* Work task
Each line in the material below must be transcribed exactly; no picture belongs in the copy.

***** Exercise data

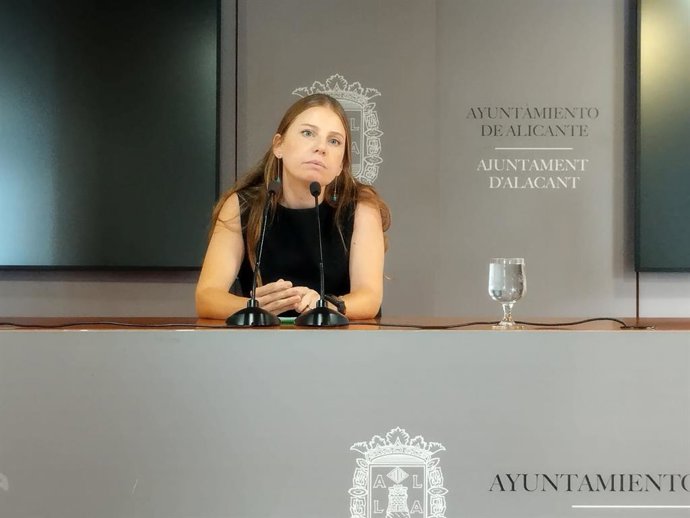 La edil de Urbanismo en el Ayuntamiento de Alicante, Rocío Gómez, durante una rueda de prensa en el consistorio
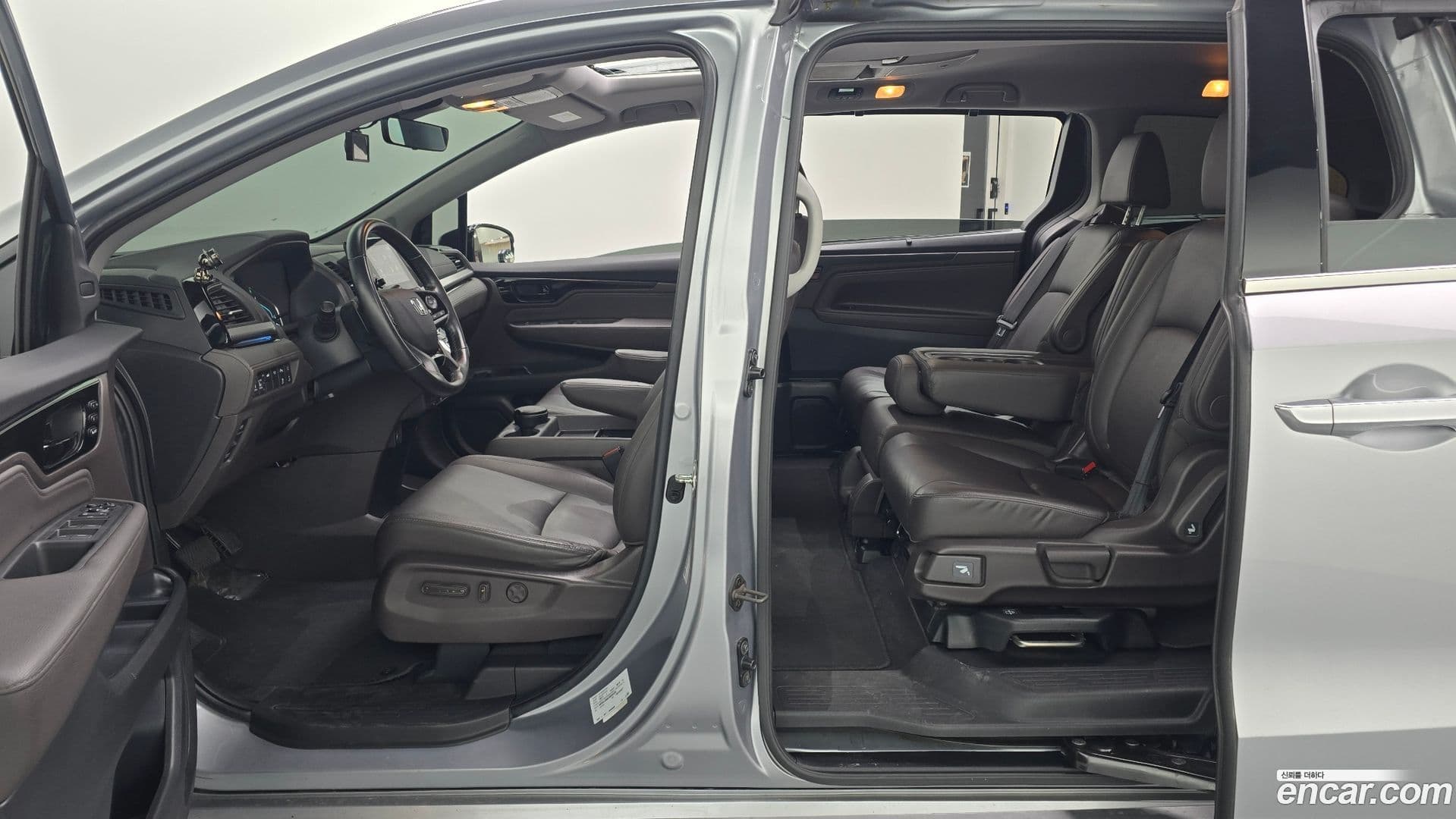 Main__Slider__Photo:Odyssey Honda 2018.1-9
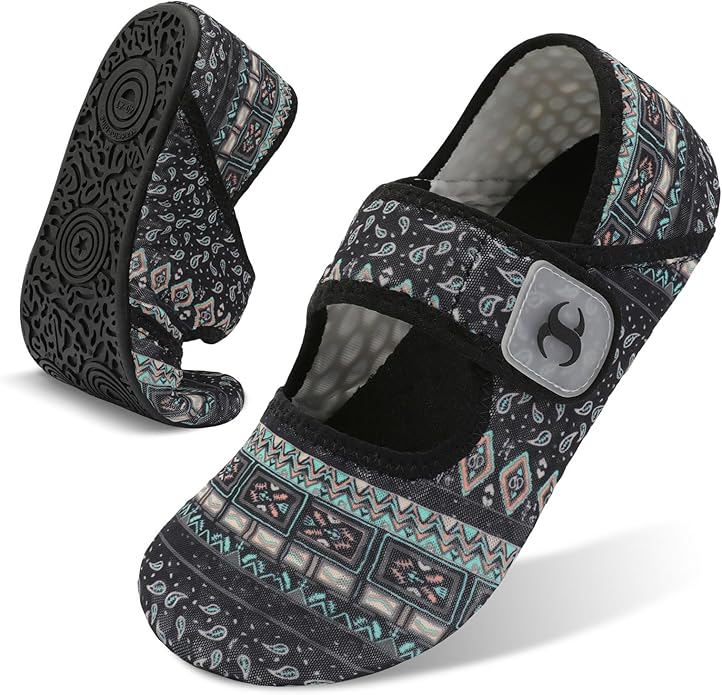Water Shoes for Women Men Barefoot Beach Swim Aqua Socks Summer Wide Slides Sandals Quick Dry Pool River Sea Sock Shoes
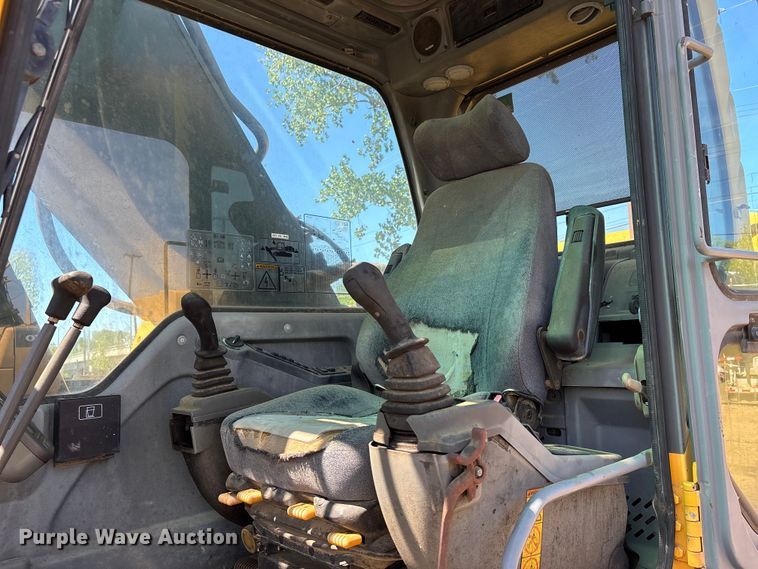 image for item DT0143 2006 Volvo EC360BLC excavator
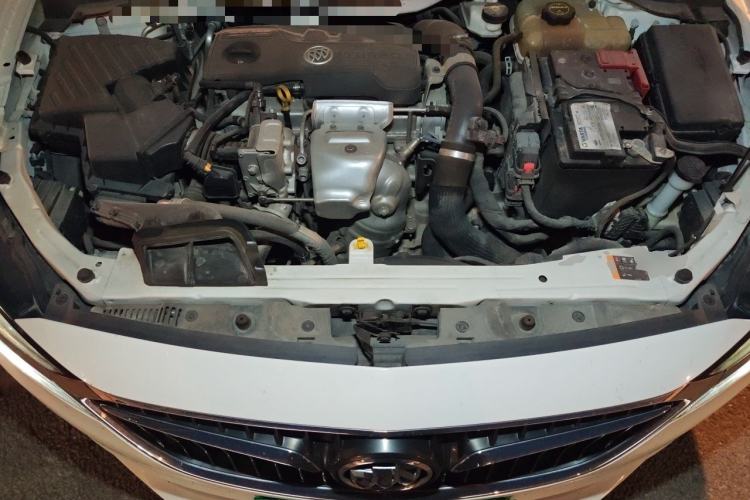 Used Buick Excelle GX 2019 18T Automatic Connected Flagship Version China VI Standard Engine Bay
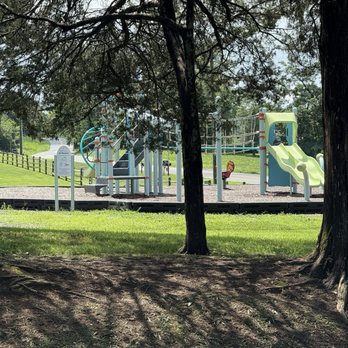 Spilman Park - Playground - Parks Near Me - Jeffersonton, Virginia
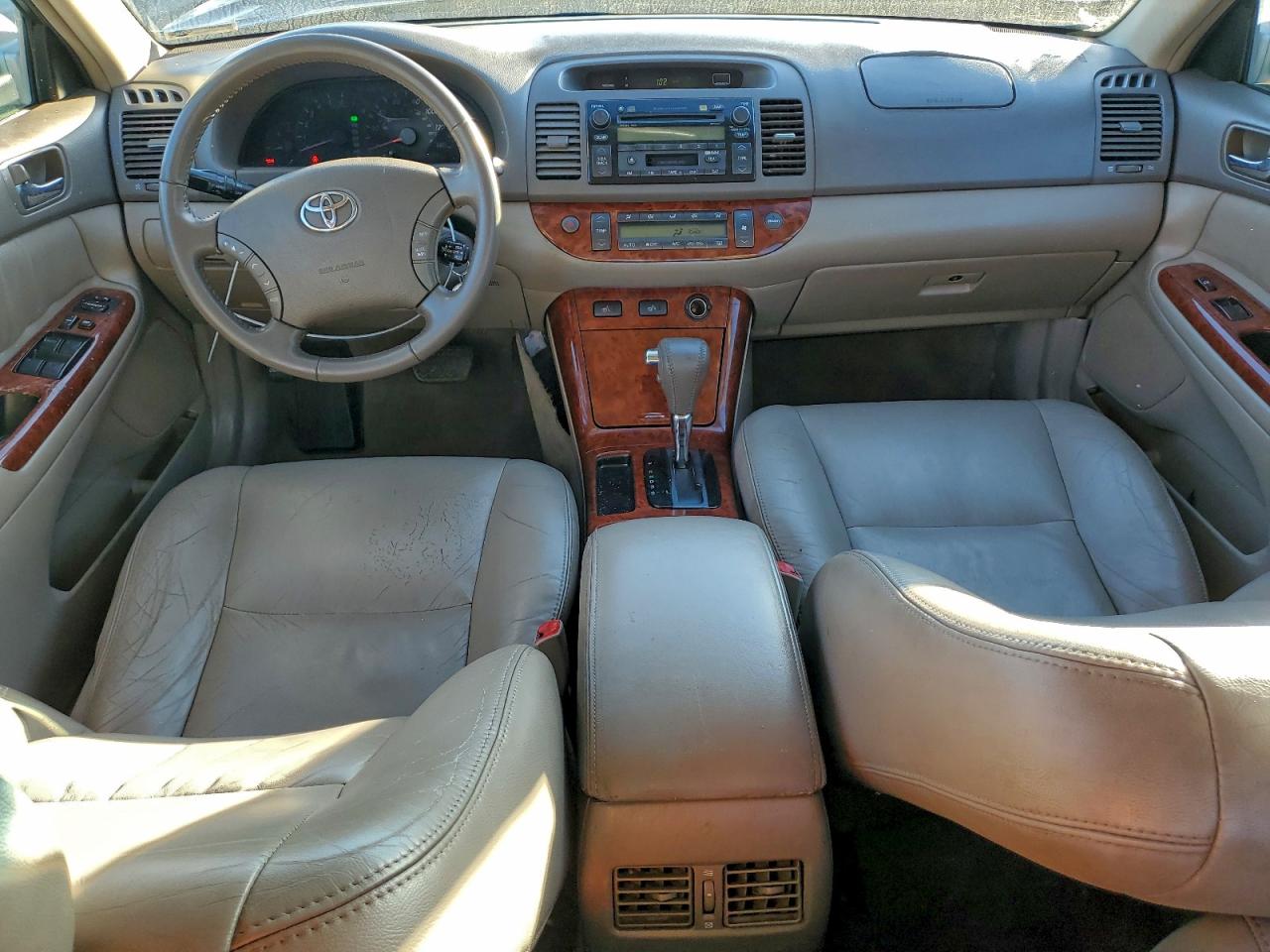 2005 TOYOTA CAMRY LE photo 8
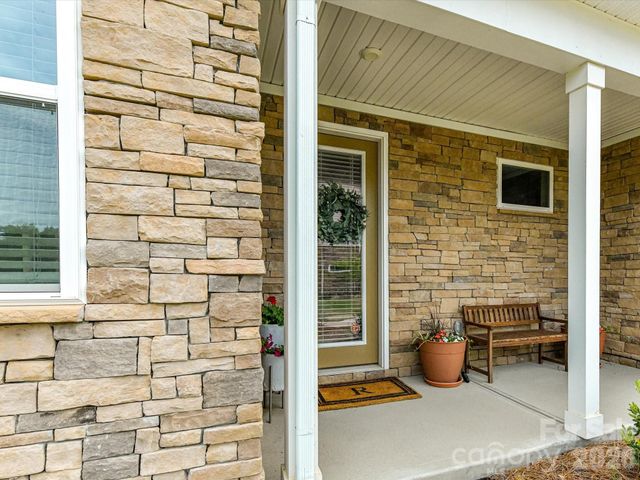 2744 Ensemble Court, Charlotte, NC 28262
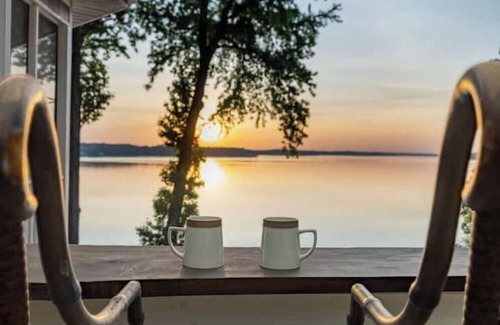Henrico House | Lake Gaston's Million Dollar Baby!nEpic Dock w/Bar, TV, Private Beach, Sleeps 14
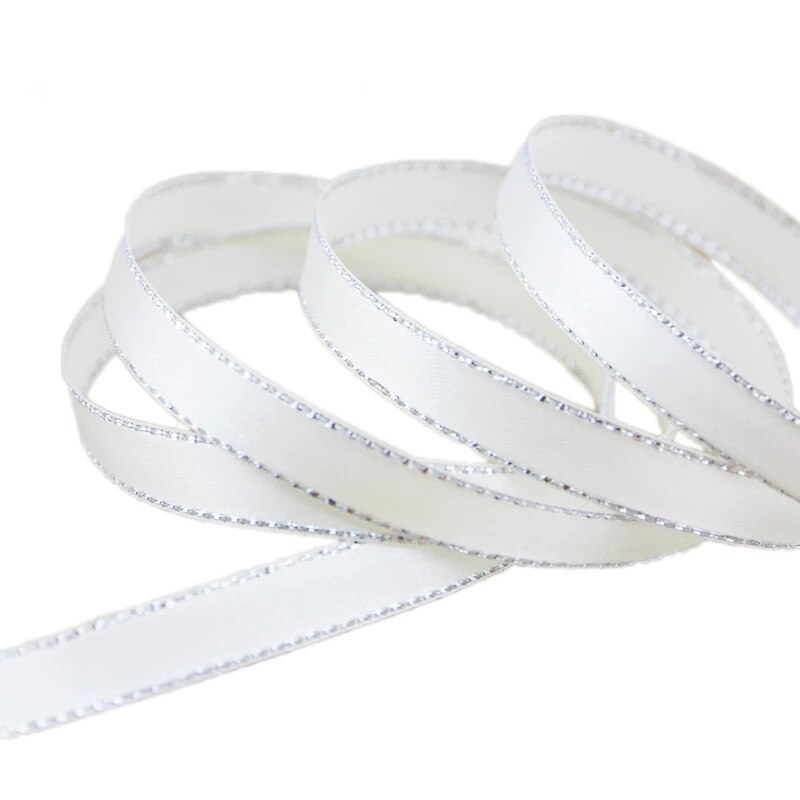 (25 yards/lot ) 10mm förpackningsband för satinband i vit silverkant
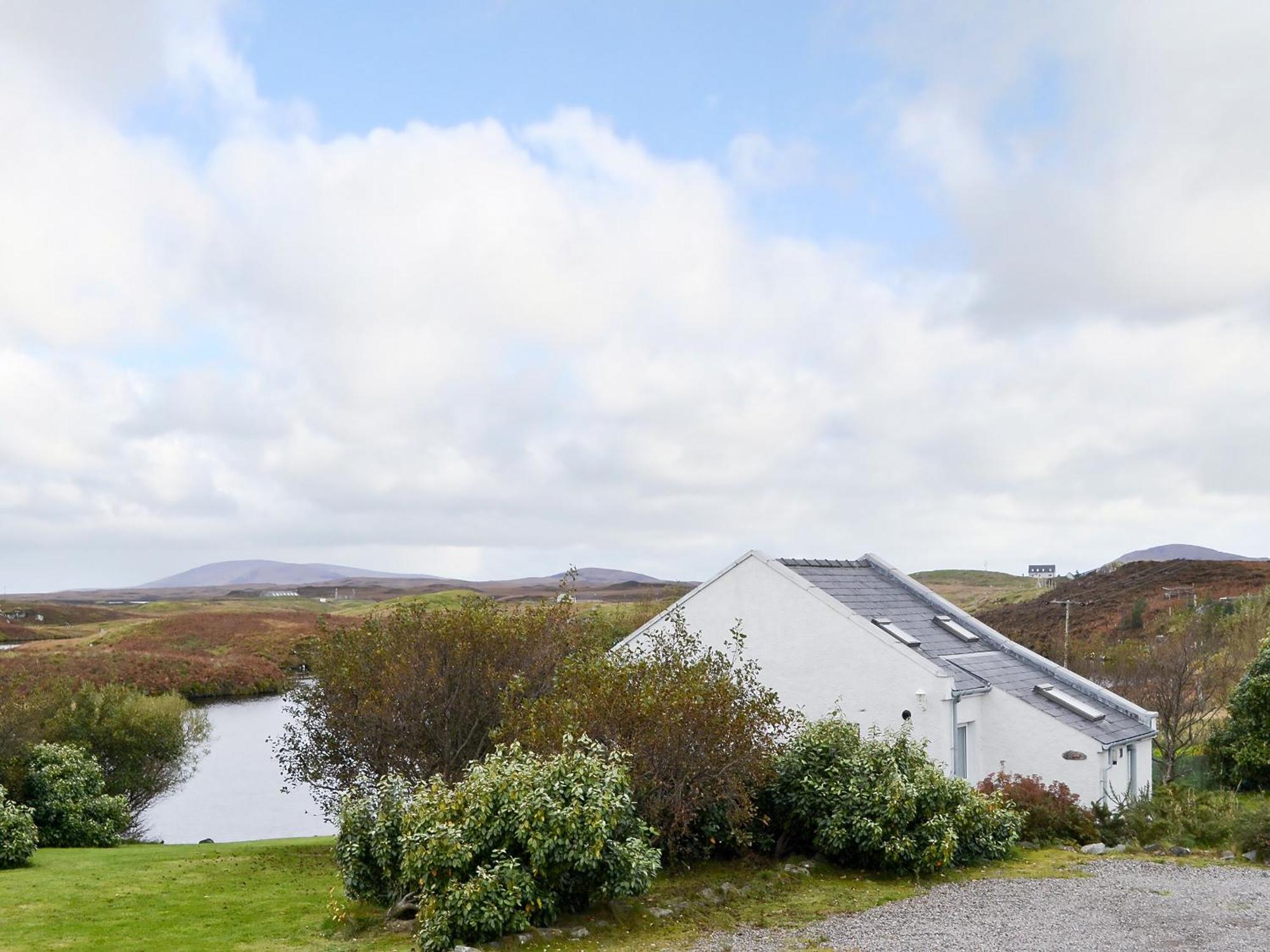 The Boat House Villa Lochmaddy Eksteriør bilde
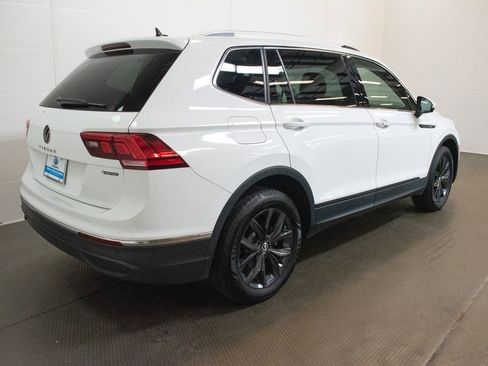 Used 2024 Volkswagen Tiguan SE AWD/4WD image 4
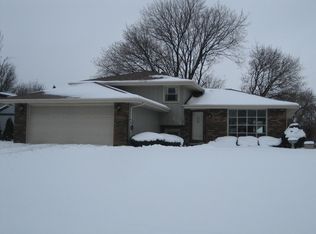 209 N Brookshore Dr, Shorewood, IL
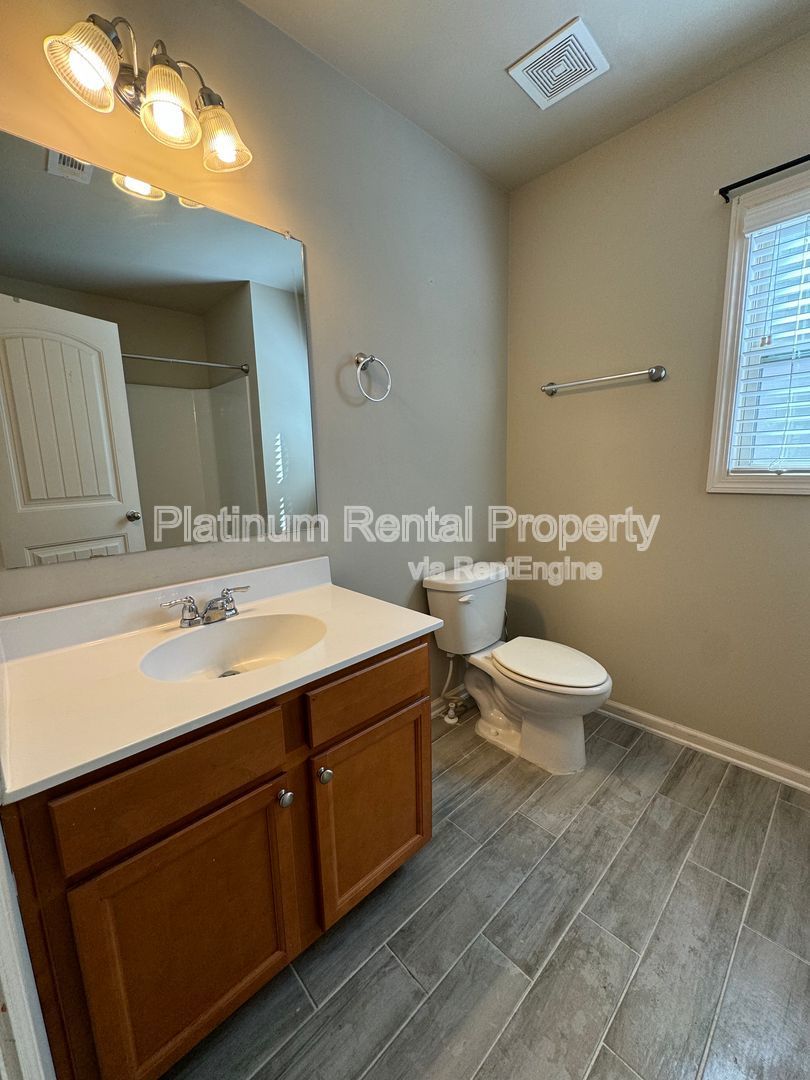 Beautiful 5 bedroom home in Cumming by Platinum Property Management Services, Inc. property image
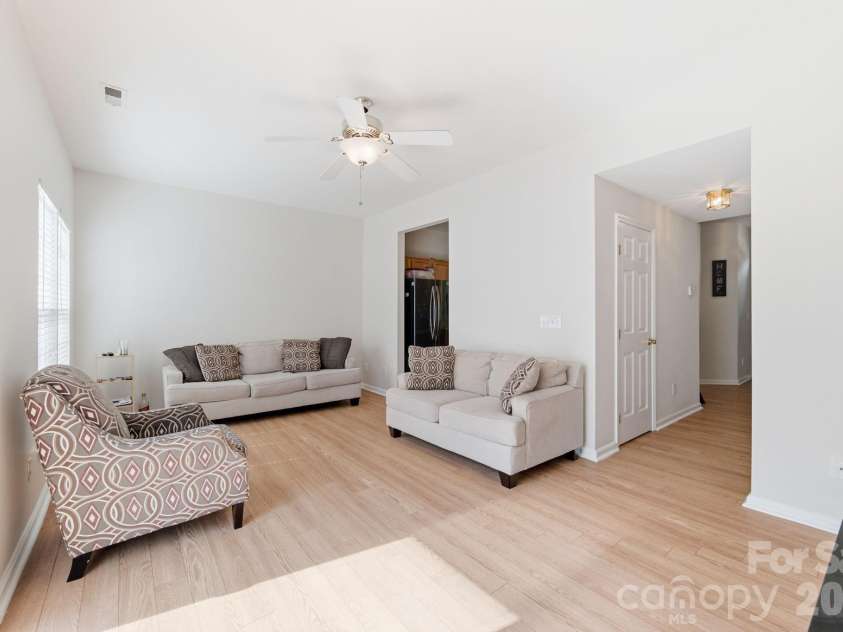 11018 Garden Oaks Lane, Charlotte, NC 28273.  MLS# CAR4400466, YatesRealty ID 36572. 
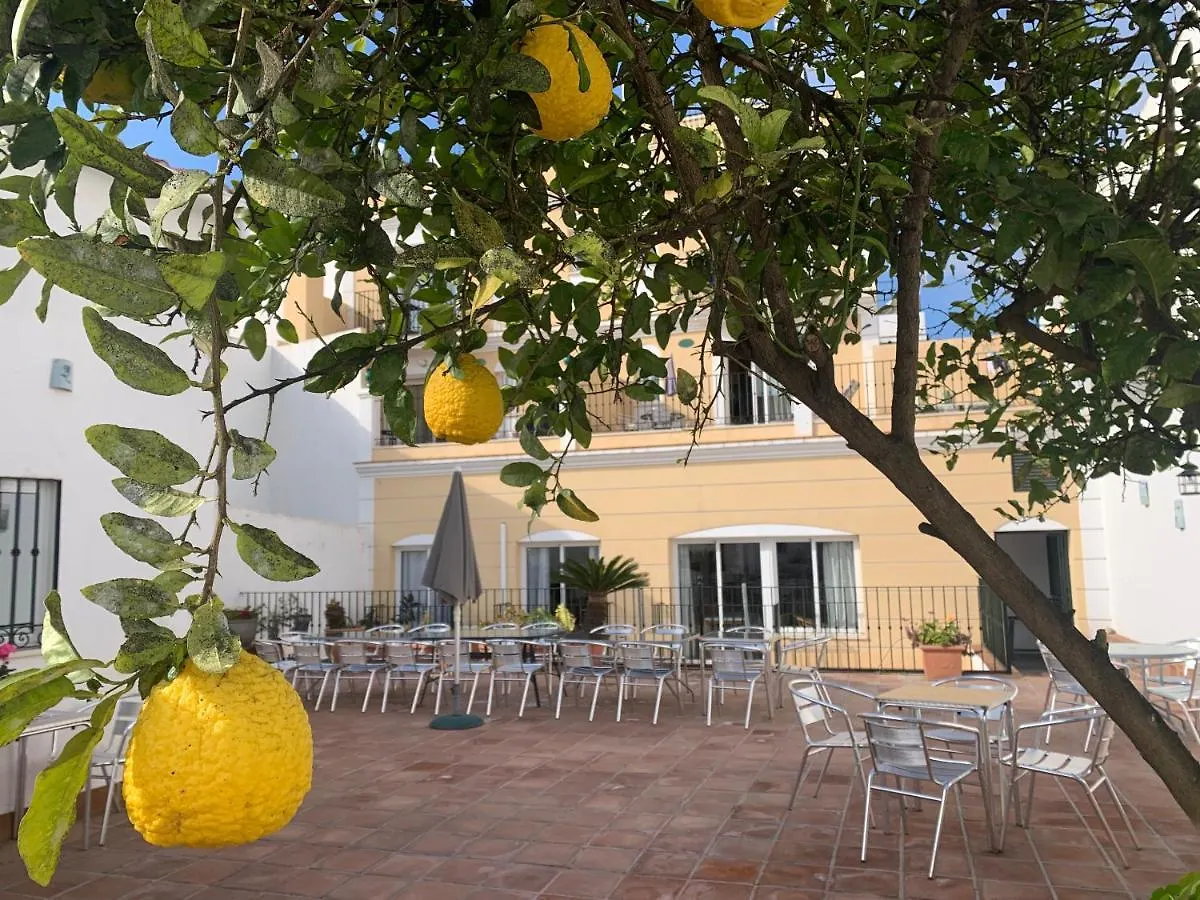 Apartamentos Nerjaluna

**********

* Solution to the exercise
 La edil de Urbanismo en el Ayuntamiento de Alicante, Rocío Gómez, durante una rueda de prensa en el consistorio
 Main__Slider__Photo:Odyssey Honda 2018.1-9
Water Shoes for Women Men Barefoot Beach Swim Aqua Socks Summer Wide Slides Sandals Quick Dry Pool River Sea Sock Shoes
 image for item DT0143 2006 Volvo EC360BLC excavator
 Used Buick Excelle GX 2019 18T Automatic Connected Flagship Version China VI Standard Engine Bay
 Spilman Park - Playground - Parks Near Me - Jeffersonton, Virginia
 2005 TOYOTA CAMRY LE photo 8
 2744 Ensemble Court, Charlotte, NC 28262
Henrico House | Lake Gaston's Million Dollar Baby!nEpic Dock w/Bar, TV, Private Beach, Sleeps 14
 (25 yards/lot ) 10mm förpackningsband för satinband i vit silverkant
 The Boat House Villa Lochmaddy Eksteriør bilde
 Used 2024 Volkswagen Tiguan SE AWD/4WD image 4
 209 N Brookshore Dr, Shorewood, IL
 Beautiful 5 bedroom home in Cumming by Platinum Property Management Services, Inc. property image
 11018 Garden Oaks Lane, Charlotte, NC 28273.  MLS# CAR4400466, YatesRealty ID 36572. 
 Apartamentos Nerjaluna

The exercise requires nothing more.